SUR LE PATRIMOINE CULTUREL AU MACHREK Permanence et changements dans les traditions de mariage
Issue 62
Atef Attia
Professeur de sociologie à l’Institut
supérieur de Doctorat
Université libanaise
Il convient d’abord de souligner que les traditions du mariage ont toujours occupé une place centrale dans toutes les civilisations, à quelque époque que ce fût, et que nulle recherche sur les croyances ou les us et coutumes des hommes ne saurait ignorer cette donnée. Une telle tradition avec les rites et croyances dont elle s’accompagne est en effet inséparable de l’existence même de l’homme. La pérennité de la vie humaine est liée au mariage, il n’est d’être humain que par l’existence d’un couple formé d’un mâle et d’une femelle. Cela est aussi vrai pour les autres espèces animales, aussi divers que soient les modes de conception.
Le mariage consiste en un lien légal entre un homme et une femme, agréé et reconnu par la société, avec le consentement des deux époux ou à travers un arrangement conclu par autrui. La finalité en est l’établissement d’une famille ou l’augmentation numérique de la famille à laquelle appartient l’époux, que ce soit par l’introduction dans la maison d’une femme étrangère à cette famille, ou par l’acte de procréation qui augmente la force et le pouvoir de cette famille, tant au plan social qu’économique. Toutes ces données sont restées en vigueur jusqu’à l’époque où la conception du mariage a changé et où l’on a vu se constituer la famille nucléaire qui a hérité de la famille patriarchale avec son organisation stricte et son système autoritaire qui s’étend à la femme et aux enfants, ceux qui sont célibataires aussi bien que ceux qui sont mariés et vivent avec leurs femmes et leurs enfants, et qui comprend également les frères du père, y compris ceux qui ont leur propre épouse ainsi que les sœurs célibataires du père.

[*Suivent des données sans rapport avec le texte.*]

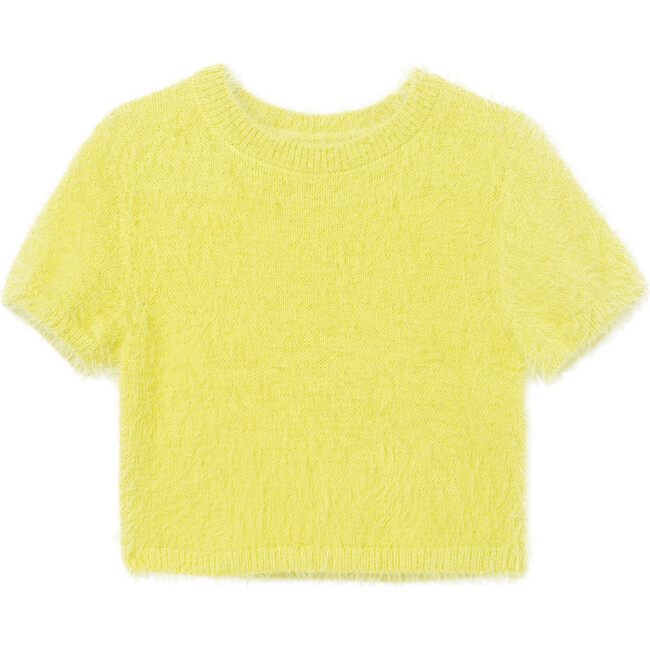 Faux Mohair Cropped Sweater, Lime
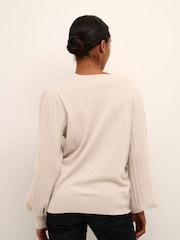 Kaffe Natural Lone Long Pleated Sleeve Jumper - Image 2 of 6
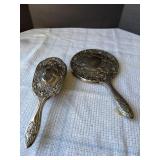 Silver plate vanity mirror and brush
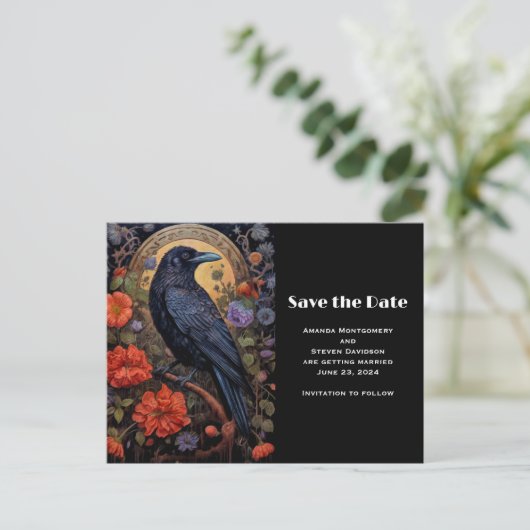 Black Raven met bloemen Gothic Save the Date Uitnodiging Briefkaart (Staand voorkant)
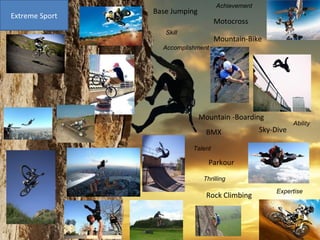 Extreme Sport Parkour Base Jumping Rock Climbing Sky-Dive Motocross Mountain -Boarding BMX Mountain-Bike Skill Achievement Accomplishment Thrilling Ability Talent Expertise 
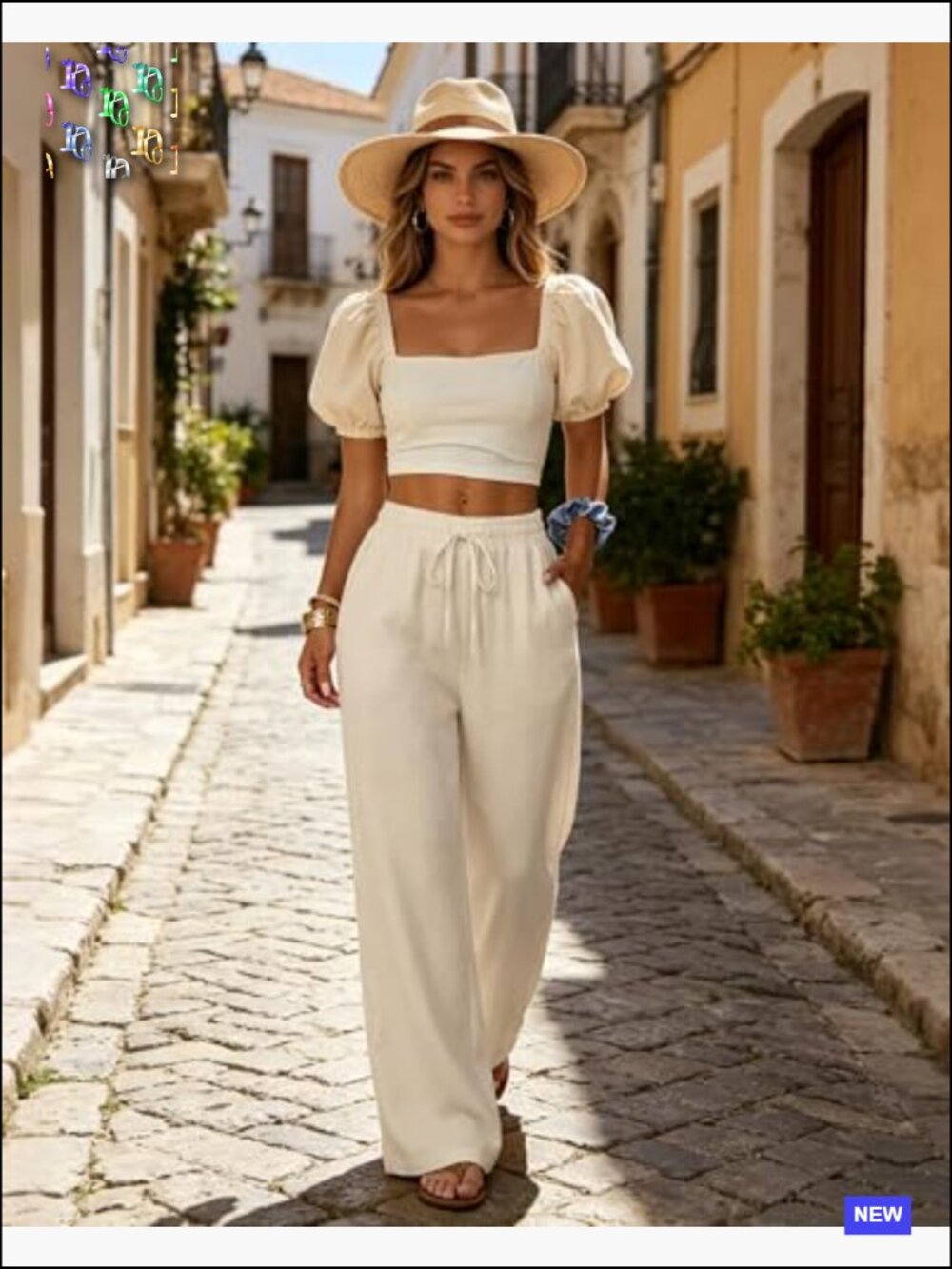 Casual Linen Wide Leg Pants High Waist Palazzo Flowy Drawstring Beach Trousers - Picture 3 of 7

Le terme ‘’mariage’’ n’est apparu dans le patrimoine du Machrek (l’Orient), et plus généralement arabe, que pour désigner le statut qui découle d’un contrat de mariage. Le lexicologue Ibn Mandhour écrit : « Marier une chose à une autre signifie les lier. » De là vient l’expression islamique de aqd al qiran (littéralement : contracter le lien / lier par contrat). Dans ce sens, deux choses qui se trouvent liées l’une à l’autre forment un couple (littéralement deux époux).
Il importe à cet égard de souligner que la formation de la famille, son mode de production et ses relations internes autant que ses rapports avec le monde extérieur sont tributaires de la réalité sociale dont cette famille est le produit. De là vient l’appellation de ‘’famille étendue ‘’ qui comprend des frères, des fils mariés et célibataires, des sœurs et des filles célibataires, des petits-fils et des petites-filles, tous placés sous l’autorité du patriarche – ou du fils aîné si le patriarche est décédé –, lequel assume la responsabilité de diriger les affaires de la famille.
Il est bien évident que les mécanismes qui sont à l’œuvre dans l’événement conjugal varient selon les circonstances et la conjoncture, mais il importe de souligner que la présente étude porte sur tous les éléments qui constituent les fondements des traditions les plus fortement établies, et notamment celles du mariage. Le but est ici de montrer ces traditions telles qu’elles sont et de contribuer à les préserver, en tant qu’elles constituent des facteurs importants au regard de la culture populaire arabe avant qu’elle ne se soit trouvée exposée aux vents du changement. Celui-ci provient à la base d’une modernité qui a inversé les traditions du mariage, lesquelles étaient fondées sur un socle tissé par la réalité de la vie quotidienne. L’acculturation est en effet passée par là et nous a déporté vers d’autres espaces qui nous ont séparé de ce que nous avons hérité de nos aïeux. Seul est resté ce qui pouvait résister au changement, même si des coutumes et des comportements autres s’y sont rattachés qui n’ont aucun rapport avec nous, sinon l’influence de l’autre et le désir de l’imiter. C’est ainsi que nous nous sommes trouvés confrontés à un mimétisme fondé sur l’adoption de traditions étrangères fort éloignées de notre héritage ancestral et n’entretenant aucun lien véritable avec lui, dans un état de quasi-schizophrénie.